An underdeveloped infrastructure is one of the main obstacles to investment and economic development in Guatemala. Public and private investment is disproportionately concentrated around Guatemala City because of the lack of infrastructure connecting the capital to other regions of the country. Not only is much of Guatemala's 12,795 kilometer (3,519 mile) highway network in poor condition, its electricity and telephone density is low, and all of its television stations and newspapers are concentrated in Guatemala City. Additionally, 3 ports (Champerico, Puerto Barrios, and San Jose) handle the bulk of Guatemalan exports, and La Aurora Airport is the only national airport with full capacity for both freight and passengers. These facilities are approaching their breaking points and will need to be expanded soon in order to keep up with growing trade and travel. Overall, major renovation of the country's infrastructure is necessary if trade is to continue uninterrupted.
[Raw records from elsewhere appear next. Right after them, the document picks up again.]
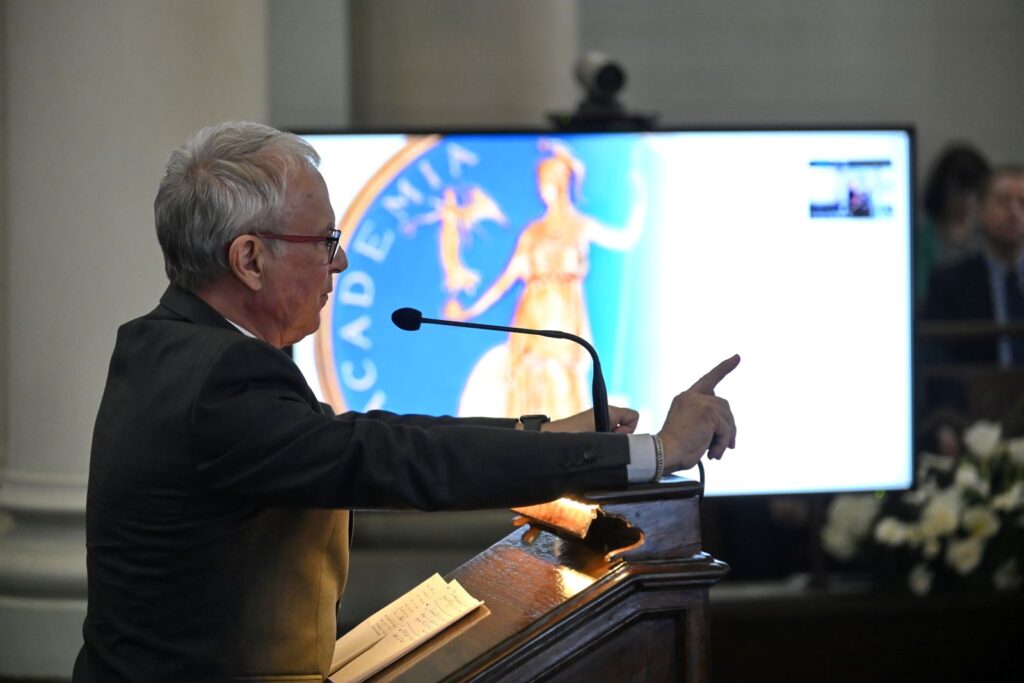 reacții alegere buzoian Marius Andruh președinte Academia Română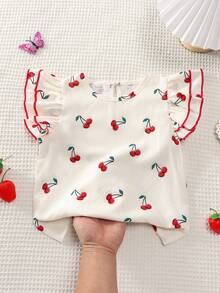 SHEIN Genkimix Kids Áo thun ngắn tay in hình quả anh đào cho bé gái, tươi tắn và năng động, cổ tròn với hai lớp bèo nhún ở vai, viền đỏ, ngọt ngào và tràn đầy năng lượng, thích hợp cho các hoạt động đi chơi và vui chơi hàng ngày. - Đỏ và trắng - Xem 6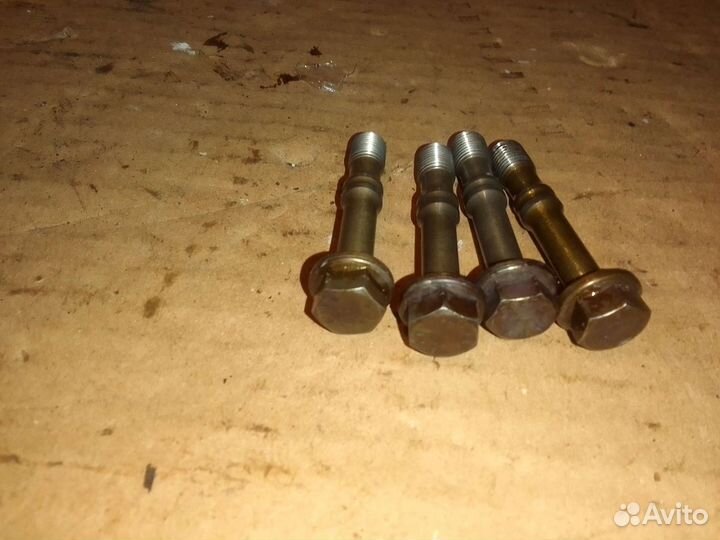Болт крышки шатуна двигателя VW 2.3 AGZ VR5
Telephones are not as available in Guatemala as would be desirable for the purposes of business and general efficient communication. There were 430,000 main telephone lines installed in Guatemala in 1997, but this number still left Guatemala trailing several Central American countries in proportionate terms. Use of cell phones is growing at a remarkable rate, having increased by 2,047 percent between 1993 and 1997, while the number of regular phone lines in the nation increased by only 86.1 percent during the same span of time. In 1998, the government decided to privatize the state telephone company along with several other enterprises. So far, the privatization has not brought about as much progress in infrastructure as outside investors had hoped; the U.S. Department of State's FY 2000 Country Commercial Guide: Guatemala states, "It is not clear that the new owners of the recently privatized telephone company will undertake the investment needed to extend basic telephony to those areas currently underserved."
Electricity has also undergone significant changes due to recent privatizations. Both the major state electricity distribution company and selected assets of the state-owned electricity production company were auctioned off to private bidders in 1998, provoking anticipation of higher electricity prices but also feeding hopes of improved service, mainly among businesses and professionals.